Social classes
No significant changes were made in the condition of the serfs in the first half of the century. Alexander I, perhaps from fear of the nobility and with the memory of his father's fate in mind, approached the problem with caution, though with a desire for reform, but first war and then diplomacy diverted him. His successor, Nicholas, disliked serfdom, but there were political hazards in eliminating it. The power of the central government extended down to the provincial governors and, more tenuously, down to the ispravnik, or chief official of the district, of which each province had several. The ispravnik was elected by the local nobility. Below the level of the district, the administration virtually ceased to operate: the sole authority was the serf owner. If serfdom were to be abolished, some other authority would have to be put in its place, and the existing bureaucratic apparatus was plainly inadequate. The Decembrist conspiracy in 1825 had greatly increased the tsar's distrust of the nobility. He was determined to avoid public discussion of reform, even within the upper class.

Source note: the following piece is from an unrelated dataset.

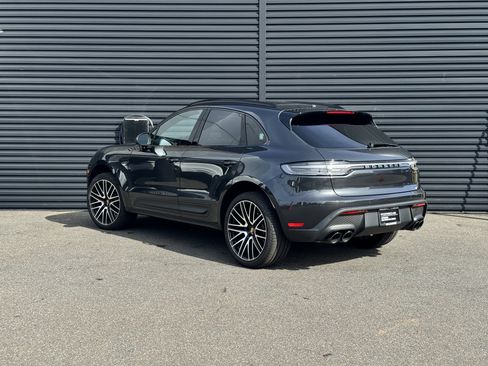 Certified 2026 Porsche Macan AWD/4WD image 3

The one important exception to the general picture of bureaucratic stagnation was the creation of the Ministry of State Domains, under Gen. Pavel Kiselev (Kiselyov, Pavel Dmitriyevich). This became an embryonic ministry of agriculture, with authority over peasants who lived on state lands. These were a little less than half the rural population: in 1858 there were 19 million state peasants and 22. 5 million private serfs. Kiselev set up a system of government administration down to the village level and provided for a measure of self-government under which the mayor of the volost (a district grouping several villages or peasant communes) was elected by male householders. There was also to be a volost court for judging disputes between peasants. Kiselev planned to improve medical services, build schools, establish warehouses for stocks of food in case of crop failure, and give instruction in methods of farming. Something was done in all these fields, even if less than intended and often in a manner that provoked hostility or even violent riots; the personnel of the new ministry was no more competent than the bureaucracy as a whole.

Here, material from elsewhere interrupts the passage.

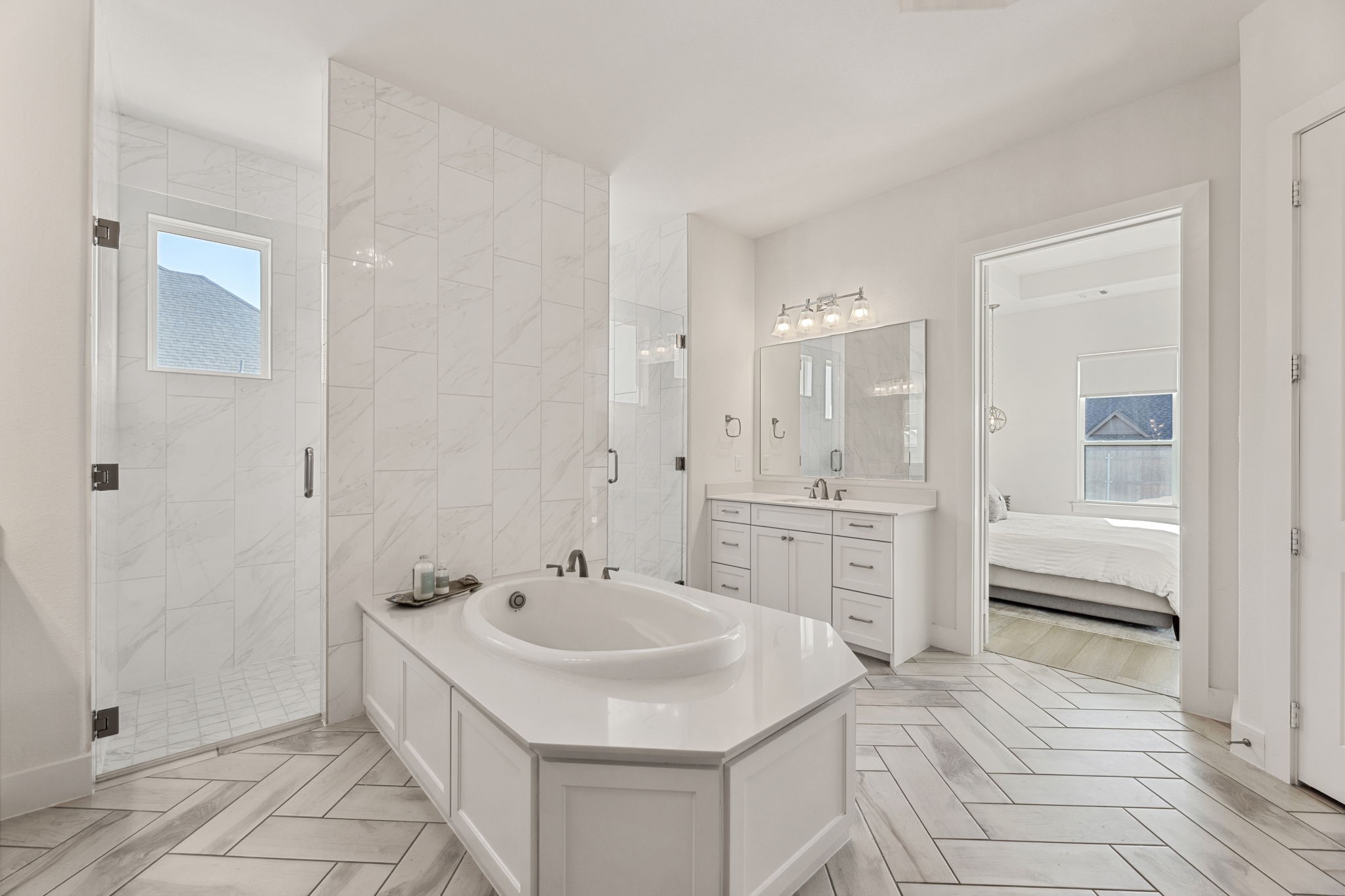 3930 Monterrey Oak Way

Only minor measures were taken to benefit the serfs on private estates. Opposition to serfdom grew steadily, however, not only among persons of European outlook and independent thought but also among high officials. It seemed not only unjust but intolerable that in a great nation men and women could be owned. Serfdom was also obviously an obstacle to economic development.
Whether serfdom was contrary to the interests of serf owners is a more complex question. Those who wished to abolish it argued that it was, since their best hope of getting the nobility to accept abolition lay in convincing them that their self-interest required it. Certainly in parts of southern Russia where the soil was fertile, labour was plentiful, and potential profits in the grain trade with Europe were high, a landowner would do better if he could replace his serfs with paid agricultural labour and be rid of obligations to those peasants whom he did not need to employ. In other regions, where the population was scanty, serfdom provided the landowner with an assured labour supply; if it were abolished, he would have to pay more for his labour force or see it melt away. In large parts of northern Russia where the land was poor, many serfs made a living from various crafts—in cottage industry or even in factories—and from their wages had to pay dues to their masters. The abolition of serfdom would deprive the serf owner of this large income and leave him with only what he could make from farming and from tenants with rather poor economic prospects. On balance, it seems likely that the short-term interests of the great majority of serf owners favoured the maintenance of serfdom, and, in any case, there is no doubt that this is what most serf owners believed.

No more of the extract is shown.